Vous n’y êtes pas allés ? Quel dommage ! ” Je parle de ce qui, d’une œuvre
d’art côtoyée, s’imprime intimement en nous et nous transforme, ne serait-ce qu’à
peine. Je parle de ce qui, surgissant de façon impromptue, fera qu’une réalité
ne nous apparaîtra plus seulement brute – et brutalement - mais à travers le
prisme des traces laissées par l’oeuvre. Un souvenir sensible de celle-ci nous fait
atteindre la réalité par facettes ; nous la cernons mieux que si nous n’étions
capables de ne l’aborder que de face. Ainsi une oeuvre nous enrichit-elle car autrefois
présente à nos yeux mais maintenant absente, son empreinte persiste en nous, multipliant
nos perceptions du réel, en variant le point de vue et l’intérêt.
Ce qui nous reste
d’une oeuvre d’art, c’est donc la chance inépuisable de ne pas nous trouver
réduits à la réalité de notre espace et de notre temps. Je suis accoutumée à
vivre ainsi avec la littérature, la musique et le cinéma.
Mais la peinture et
la sculpture ? Honte au fallacieux argument selon lequel il se pourrait que je
n’ai pas encore rencontré l’occasion de ce surgissement. Je ne suis pas dupe. J’ai
constaté que, des expositions vues au fil des ans, il me reste à peine.
Des expositions
vues. Mais regardées ? Regardées au point d’imprimer la rétine comme les mots
lus ou les notes entendues imprègnent le cerveau ? Les mots lus, relus, relus
encore. Et les notes inlassablement réentendues. On dit aussi “ revoir ”

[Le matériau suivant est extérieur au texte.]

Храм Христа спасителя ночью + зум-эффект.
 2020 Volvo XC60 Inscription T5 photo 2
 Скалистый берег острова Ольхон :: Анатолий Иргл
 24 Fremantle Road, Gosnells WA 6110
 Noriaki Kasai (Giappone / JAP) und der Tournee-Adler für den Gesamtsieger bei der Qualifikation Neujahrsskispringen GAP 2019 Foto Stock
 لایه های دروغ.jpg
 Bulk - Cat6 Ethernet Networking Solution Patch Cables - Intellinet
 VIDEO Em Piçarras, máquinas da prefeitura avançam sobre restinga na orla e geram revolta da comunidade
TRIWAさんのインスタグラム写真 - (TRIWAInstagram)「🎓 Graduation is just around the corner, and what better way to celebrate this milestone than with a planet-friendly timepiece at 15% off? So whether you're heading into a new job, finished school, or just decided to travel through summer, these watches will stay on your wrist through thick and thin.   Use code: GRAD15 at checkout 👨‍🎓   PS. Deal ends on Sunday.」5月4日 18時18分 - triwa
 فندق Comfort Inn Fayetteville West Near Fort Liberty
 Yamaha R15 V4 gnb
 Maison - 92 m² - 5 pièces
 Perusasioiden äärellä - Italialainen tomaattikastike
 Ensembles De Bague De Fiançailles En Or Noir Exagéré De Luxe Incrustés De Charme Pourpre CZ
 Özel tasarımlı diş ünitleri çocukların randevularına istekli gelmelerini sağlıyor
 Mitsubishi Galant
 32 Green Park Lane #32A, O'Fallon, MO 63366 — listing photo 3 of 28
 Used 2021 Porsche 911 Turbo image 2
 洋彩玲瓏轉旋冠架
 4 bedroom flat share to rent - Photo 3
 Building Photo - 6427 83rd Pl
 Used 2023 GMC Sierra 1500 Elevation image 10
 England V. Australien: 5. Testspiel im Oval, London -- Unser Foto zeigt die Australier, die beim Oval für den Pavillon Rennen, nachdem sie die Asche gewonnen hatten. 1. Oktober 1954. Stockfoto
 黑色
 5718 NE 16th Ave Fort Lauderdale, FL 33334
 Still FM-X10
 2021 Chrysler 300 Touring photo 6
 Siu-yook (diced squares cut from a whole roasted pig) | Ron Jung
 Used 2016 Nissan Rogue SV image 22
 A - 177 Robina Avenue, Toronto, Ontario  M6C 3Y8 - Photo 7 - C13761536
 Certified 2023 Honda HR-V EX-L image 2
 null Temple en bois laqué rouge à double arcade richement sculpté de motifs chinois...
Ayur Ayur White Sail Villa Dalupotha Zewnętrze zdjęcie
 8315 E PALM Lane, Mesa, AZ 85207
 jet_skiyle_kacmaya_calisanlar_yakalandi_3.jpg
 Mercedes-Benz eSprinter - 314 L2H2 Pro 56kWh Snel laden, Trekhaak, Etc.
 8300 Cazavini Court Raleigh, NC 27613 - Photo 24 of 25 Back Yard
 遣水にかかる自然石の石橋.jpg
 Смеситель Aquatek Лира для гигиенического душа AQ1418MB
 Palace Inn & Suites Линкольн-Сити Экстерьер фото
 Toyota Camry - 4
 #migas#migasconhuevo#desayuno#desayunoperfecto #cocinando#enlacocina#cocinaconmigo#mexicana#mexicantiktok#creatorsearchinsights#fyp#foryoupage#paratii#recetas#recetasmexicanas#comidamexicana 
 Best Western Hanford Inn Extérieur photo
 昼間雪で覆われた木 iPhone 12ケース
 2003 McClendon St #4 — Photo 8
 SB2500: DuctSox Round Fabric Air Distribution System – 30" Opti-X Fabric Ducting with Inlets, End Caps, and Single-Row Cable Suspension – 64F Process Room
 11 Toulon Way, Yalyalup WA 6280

probablement parce qu’il est évident que voir une fois, c’est ne pas voir. Mais
“ re-regarder ” serait plus adéquat. Le mot n’existe pas ; regarder étant plus
fort que voir, n’est-ce pas suffisant ? Pourtant, une exposition donne tant à
voir qu’elle est une invite à ne rien regarder. Si l’on nous servait en un
repas la nourriture d’un mois, nous serions vite écœurés. Pas question
cependant de jouer les écœurés dans une exposition : on a payé sa place, on
craint de passer pour un inculte, on aurait mauvaise conscience…
Pourtant, il
faudrait avoir l’audace de se consacrer, à chaque exposition, à une seule œuvre.
Parcourir les salles à sa recherche comme l’aigle scrute la plaine en quête
d’une proie puis fondre sur elle et se fermer à tout autre chose, en devenir
ivre, obsédé, la posséder par cœur dans ses teintes, ses formes et les replis
des traits laissés par le pinceau. Et que dire de la sculpture plus précieuse
encore par sa sensualité mais si peu propice à la préhension par l’esprit ?
J’ai un peu triché
cet après-midi là. Je suis allée à plusieurs reprises, flânant dans la galerie
supérieure, re-regarder cette minuscule sculpture romaine, un admirable bouc
tendant fièrement le cou et les cornes à travers deux millénaires. Toi,
ferraille antique, je sais que tu me restes. Et rien que pour toi, je ne
regrette pas mon bel après-midi.
De Martigny au Garn, entre début août et octobre 2013.